Lack of budget spend will hit international visitor recovery, says Australian Tourism Industry Council

Lack of budget spend will hit international visitor recovery, says Australian Tourism Industry Council

The Australian Tourism Industry Council has expressed disappointment in the 2024 Federal Budget that rejected a submission advocating for a major funding increase for Tourism Australia to recover international tourism.

“The Federal Budget 2024 has not invested in our international tourism recovery,” ATIC said in a response to Federal Treasurer Jim Chalmers decisions.

ATIC members, which include the Victorian Tourism Industry Council, NSW Tourism Industry Council (NSW Business Chamber), Queensland Tourism Industry Council, Tourism Industry Council South Australia and Tourism Industry Council Western Australia, will continue to advocate for a real funding increase to recover international tourism in the run up to the Federal Election in 2025.

The most recent March arrivals data shows that the critical international holiday-maker market was down -27 per cent YTD compared to pre-Covid.
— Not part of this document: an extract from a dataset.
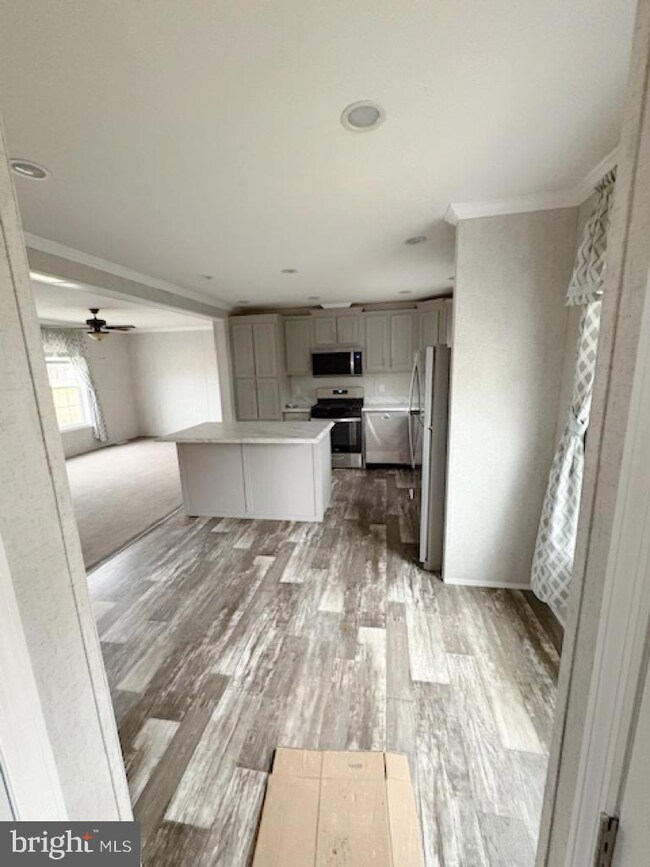 10104 Fernwood Ln, Breinigsville, PA 18031 - photo 7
International tourists and working holiday makers are critical to small tourism businesses and regional destinations, ATIC said.

Featured image: iStock/honglouwawa

Federal Budget impacts on tourism businesses

Tourism Australia budget funding decreases from the current $173m to $170m in 2024-5.

“There is no substantial increase in future years to achieve the recovery of international visitors which remain 23 per cent below pre-Covid levels in 2019,” ATIC said in response.

But Austrade will receive $8m over four years to restart the Approved Destination Status (ADS) scheme to support Chinese group guided tours to Australia in guided groups.

“Importantly there is a commitment to $2.5mpa past the four year forward estimates to maintain the ADS scheme in the long term,” ATIC said.

But there is no funding change for Export Market Development Grants for tourism businesses, with funding forecast to decline from $158m 2024 to $110m in future years.

Eligible small businesses, including those in tourism, will receive a $325 rebate on electricity bills over 2024-25. The instant asset write-off will be extended. Small businesses with annual turnover of less than $10m will be able to immediately deduct eligible assets costing less than $20,000 until 30 June 2025.

For events and venues, the Revive Live program will provide $8.6m in 2024-25 to support Australian live music venues and festivals.

In other Budget decisions, a pre-application charge of $25 will apply for Work and Holiday 462 visa for China, Vietnam and India from 2024–25. These visas are capped and already oversubscribed.

The Government will reduce the work experience requirement for the Temporary Skill Shortage (subclass 482) visa from two years to one year for all applicants from 23 November 2024 onwards.

Infrastructure, national parks and remote airstrips 

In tourism infrastructure and National Parks, the last $4m of the National Tourism Icons program, secured by ATIC in 2019, to develop major tourism attractions in each state will be finalised in 2024-5.

There will be $102m over five years from 2024/25 to extend the Remote Airstrip Upgrade Program and the Regional Airports Program for two additional rounds.

In addition, $11.4m will be set aside over four years from 2024/25 to continue delivery of priority remediation projects in the Jabiru township located within the Kakadu National Park.

The Great Barrier Reef Marine Park Authority is set to get $5m in 2024/25 to engage tourism operators to conduct reef monitoring, protection and other stewardship activities to protect the Great Barrier Reef.

The Great Barrier Reef Marine Park Authority will get $5m to engage tourism operators to conduct reef monitoring.

Revenue from Tourism

Despite the challenges, the Federal Government will increase the Passenger Movement Charge (PMC) to $70 per head from July 2024. This measure is expected to generate around $6.8 billion over the four years from 2025 to 2028, with most of it exceeding Government costs for passenger facilitation, ATIC said.

Additionally, tax revenue from tourism products (even during the COVID-affected year of 2022-23) summed to $5.7 billion. Total taxation revenue from tourist spending in Australia is expected to exceed $30 billion in the next four calendar years.